Whether they begin their journey at Estes Park or Grand Lake, Trail Ridge Road travelers climb some 4,000 feet in a matter of minutes. The changes that occur en route are fascinating to observe. A drive that may begin in montane forests of aspen and ponderosa pine soon enters thick subalpine forests of fir and spruce. At treeline, the last stunted, wind-battered trees yield to the alpine tundra.
Up on that windswept alpine world, conditions resemble those found in the Canadian or Alaskan Arctic. It’s normally windy and 20 to 30 degrees colder than Estes Park or Grand Lake. The sun beats down with high- ultraviolet intensity. The vistas, best enjoyed from one of several marked road pullovers, are extravagant, sweeping north to Wyoming, east across the Front Range cities and Great Plains, south and west into the heart of the Rockies.
But for all its harshness, the Trail Ridge tundra is a place of vibrant life and vivid colors. Pikas, marmots, ptarmigans and bighorn sheep are commonly seen. About 200 species of tiny alpine plants hug the ground.

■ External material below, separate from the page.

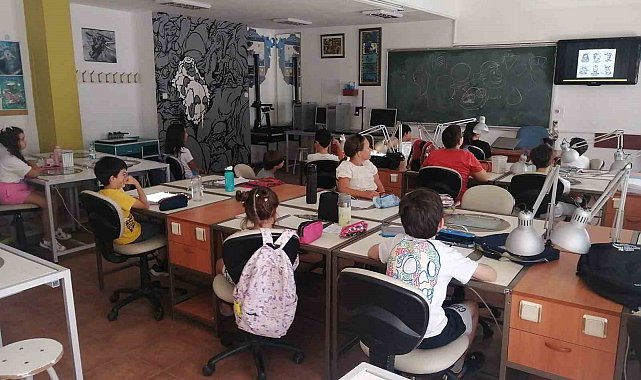 Çocuk Üniversitesi'nde sanat ve hayal gücü buluştu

Despite a growing season that may last just 40 days, many bloom exuberantly, adorning the green summer tundra with swatches of yellow, red, pink, blue, purple and white. All are seen from the Tundra World Nature Trail, a half-hour walk beginning near the parking area at Rock Cut.
Most Trail Ridge Road travelers drive to treeline with a certain amount of urgency. They are advised not to ignore all that awaits in the verdant country below the alpine tundra. Forested moraines, great heaps of earth and rock debris left behind by melting Ice Age glaciers, rise above lush mountain meadows. The Continental Divide, where streamflows are separated east from west, is crossed at Milner Pass, located at a surprisingly low 10,120 feet elevation. Moose munch greenery in the upper reaches of the Colorado River, which flows through the scenic Kawuneeche Valley. Grazing elk greet sunrise and sunset in many of the forest-rimmed meadows found around the park.
At all elevations, the drive on Trail Ridge Road is a memorable adventure. Put aside at least a half day for the trip. Longer, if possible. The experience, as Horace Albright suggested more than a half century ago, is hard to describe.
Trail Ridge Road is one of ten America’s Byways in Colorado and a national designated All American Road. Like to see as many byways as you can? On the outskirts of Rocky is the oldest Colorado Scenic Byway, Peak to Peak, and another America’s Byway, the Colorado River Headwaters.